One of the downsides of industrial agglomeration is the affect on the environment caused by discharge of a large quantity of waste and pollutants beyond self-purification capacity and large volumes of energy consumption. Ashford (2005) presents his concept of triple sustainability1 that include the following: (1) improvement in competitiveness (or productivity) and long-term dynamic efficiency, (2) social cohesion (labor/employment), and (3) environmental sustainability (based on resource productivity together with measures for combating environmental pollution, damage to ecosystems, and climate disruption). Eco-efficiency aims at creating economic values by reducing the impact of industrial activity on the environment and limiting resource consumption. Improving resource productivity leads us to review the cost of the entire production system and added value at the same time (Porter & van der Linde, 1995).

Due to a growing interest of the impact of business activities on the environment, environmental policy is now shifting from the “end of pipe” stage to the next stage. In this stage, prominence is given to environmentally sound designs that feature in the life cycle of the products and lead to social efficiency. We have seen an increasing number of cases where government departments dealing with environmental issues in states and municipalities across Europe have gone beyond their restriction-based environmental measures. In many cases, they have shifted their support programs in favor of private enterprises, in particular small- and medium-sized enterprises (SMEs), by inducing them to reform their production processes based on environmental friendliness and social efficiency. These programs are aimed at reducing the environmental burden, not by forcing SMEs to follow government imposed measures, but by supporting SMEs’ own efforts to reduce the burden. This can be categorized as a diffusion-oriented policy.

In this chapter, two cases are examined and compared. The first case is the environmental program model of utilizing Produktionsintegrieter Umweltschutz (PIUS), which refers to “environmental conservation incorporated into production,” that is, cleaner production. This program, PIUS-Check has been implemented by the agency of die Effizienz Agentur NRW (EFA), which was established by the State Government of North Rhine-Westphalia (NRW) in Germany. The second case is der ÖkoBusinessPlan Wien, the EcoBusinessPlan Vienna (EBP) operated by the Environmental Protection Department of Vienna City in Austria. This chapter focuses on the partnerships among the parties involved in the programs and on the program operations.
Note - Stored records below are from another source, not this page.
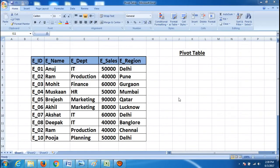My name is Anuj Thaplial and today in this tutorial I will tell you what is pivot table.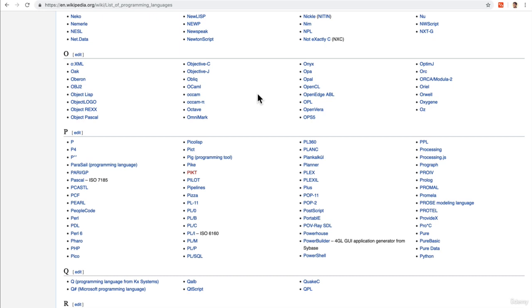So you have low-level languages that we've talked about, like Assembly Code or C. And then we have higher-level languages like Python and JavaScript.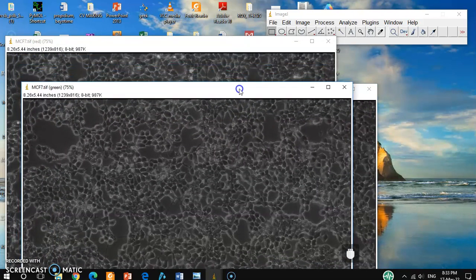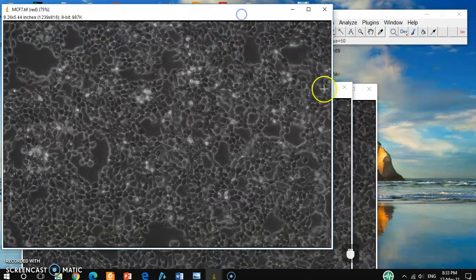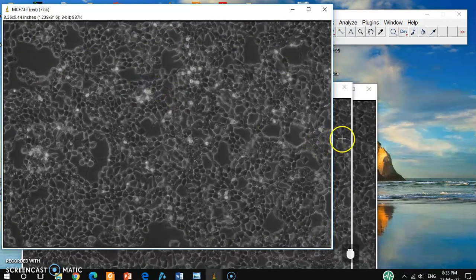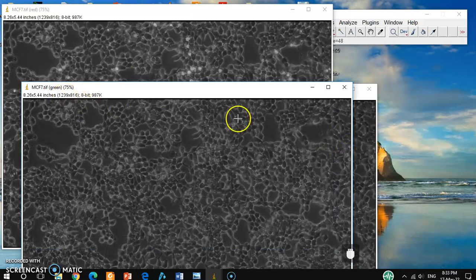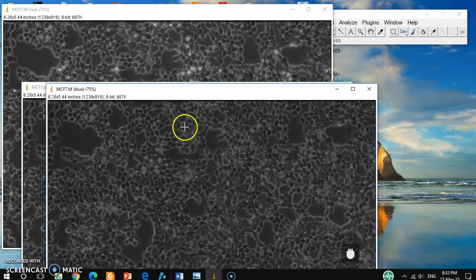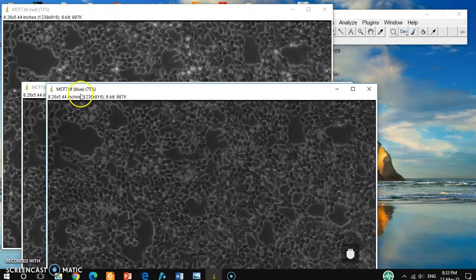And then you can see here the three different channels are separated. So this is the red channel, one is green channel, and another one is blue channel.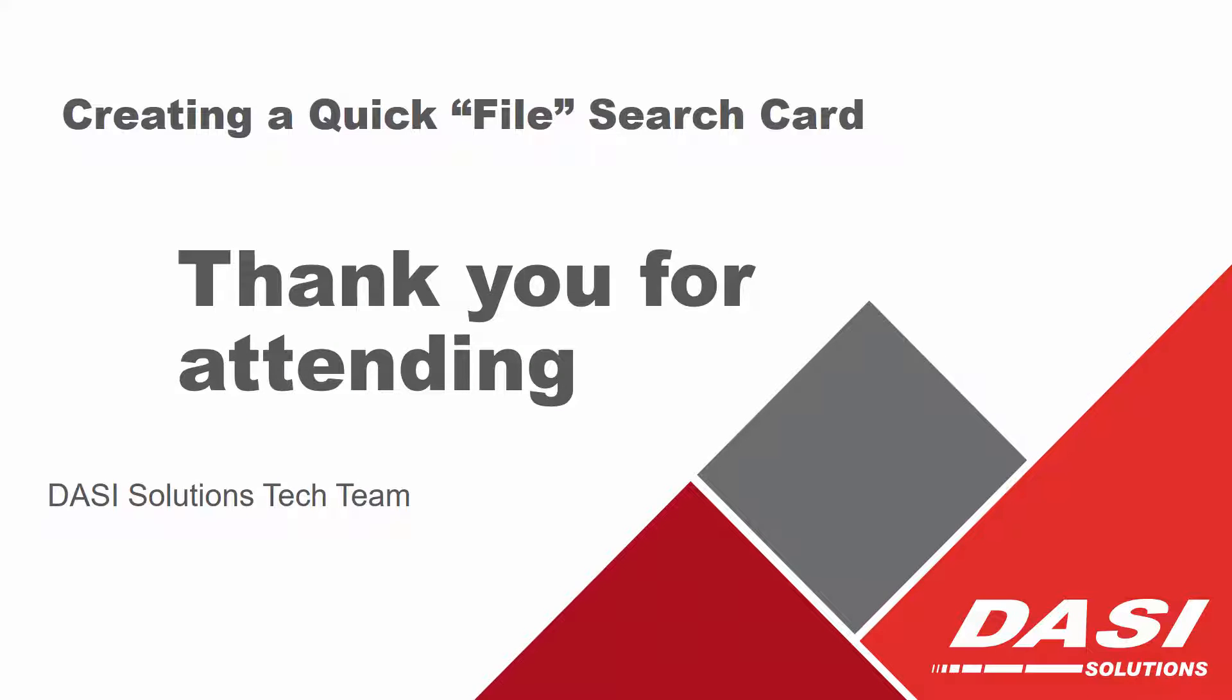All right, that concludes our quick tip today on creating a search card from a file card in SOLIDWORKS PDM Professional and Standard. Thanks for attending and hopefully you enjoyed the video.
The goal of this chapter is to extract the conveyed meanings of the roles local agents need to play in fostering environmental conservation. Proceeding with this research, we conducted hearings with the following groups: (1) the Ministry of the Environment, Nature Conservation, Agriculture and Consumer Protection of North Rhine-Westphalia, (2) EFA, (3) the SMEs that have adopted the PIUS-Check, (4) the Environmental Protection Department of Vienna City Government, and (5) the SMEs and the technical consultants that have participated in EBP.